19 agosto 2019
Aggiornato 04:00
Il caso

Violenza sessuale su bambina di 3 anni e mezzo, assolti i parenti

I pubblici ministeri avevano chiesto 18 anni di galera per il nonno, ritenuto responsabile dell'abuso sulla bambina, ricoverata per una "ferita inspiegabile"

TORINO - Un'intera famiglia a processo, una sentenza ribaltata e una pesantissima accusa di violenza sessuale ai danni di una bimba di soli tre anni e mezzo.

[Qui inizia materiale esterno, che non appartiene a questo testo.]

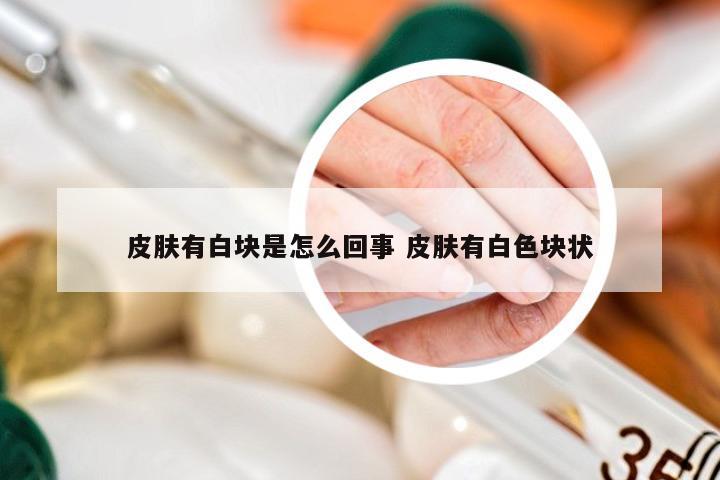 皮肤有白块是怎么回事 皮肤有白色块状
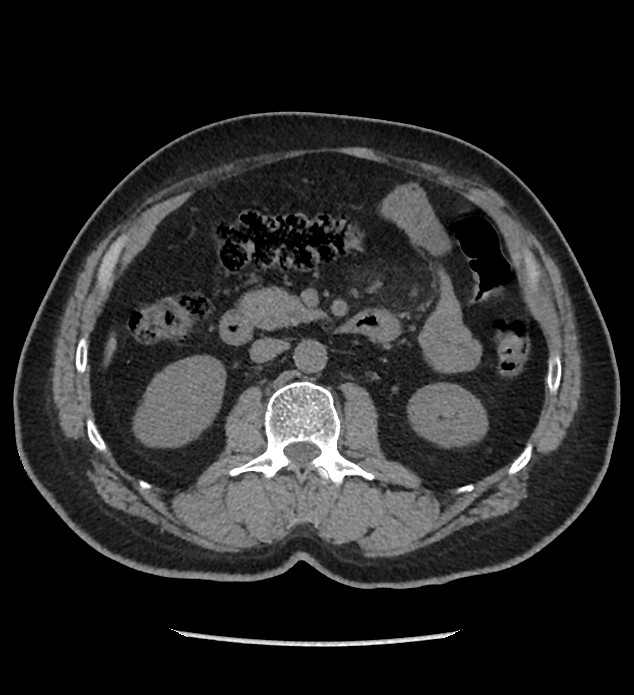 Chromophobe renal cell carcinoma (Radiopaedia 86879-103083 Axial non-contrast 43).jpg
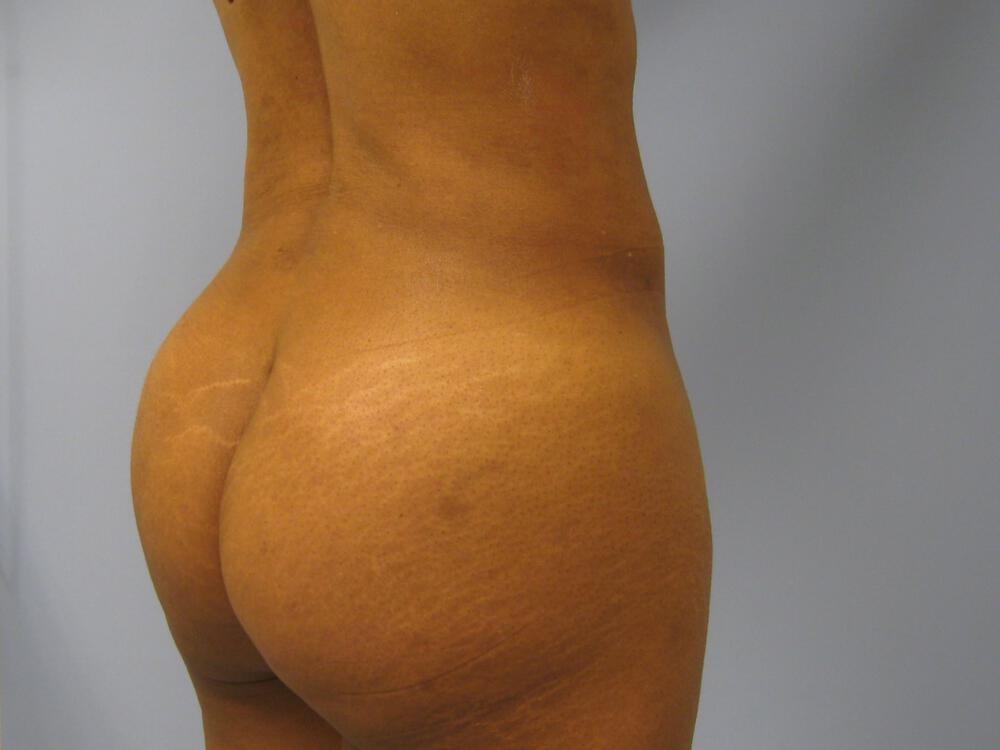 Buttocks Implants Before & After Image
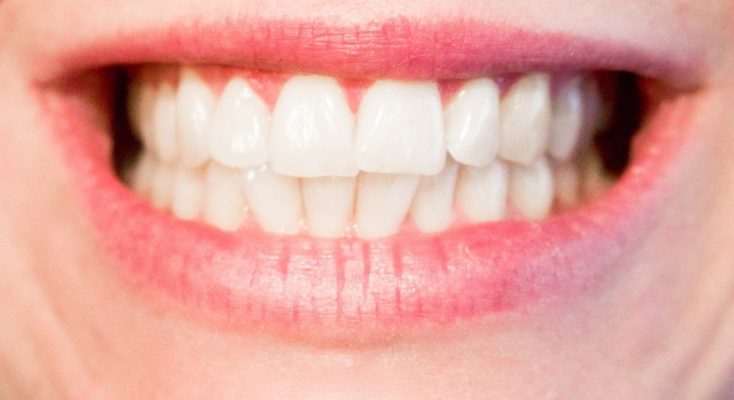 Avoir de belles dents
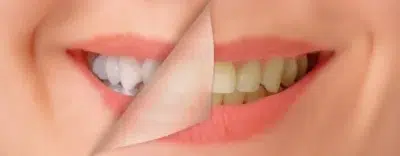 The Art And Science Of Smile Design: A Dentist'S Guide To Crafting Beautiful Smiles Dental Bonding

Il tribunale di Torino ha scagionato tutti e quattro i componenti di una famiglia, accusati di aver commesso o di essere complici dell'abuso di una piccola di tre anni e mezzo.

Le accuse di tre anni fa
Per ricostruire meglio i fatti bisogna però fareun salto indietro nell'estate del 2013 quando una bambina di tre anni e mezzo viene portata all'ospedale del paese prima e all'ospedale infantile Regina Margherita poi, a causa di una "ferita inspiegabile». Dopo accurate analisi, si parla subito di violenza sessuale e i sospetti cadono sul nonno, reo di aver dormito con la piccola proprio 24 ore prima. Poi il processo ai danni di quella famiglia, considerata da tutti "normale" e la richiesta da parte dei pubblici ministeri di 18 anni di carcere per il nonno, definito autore materiale dell'abuso, 11 anni e 9 anni alla nonna e alla mamma per aver taciuto sul fatto commesso. 

La sentenza ribaltata
La vicenda si è chiusa in questi giorni, con l'assoluzione di tutti i componenti del nucleo famigliare perchè "il fatto non sussiste». I giudici hanno quindi dato ragione alla versione degli avvocati difensori  che hanno sempre sostenuto come non vi fosse alcuna certezza scientifica né sulla natura del trauma né sui tempi. Rimane da capire, ora, quale sarà il futuro della bambina che nel frattempo, un mese dopo il ricovero in ospedale, è stata affidata a una comunità.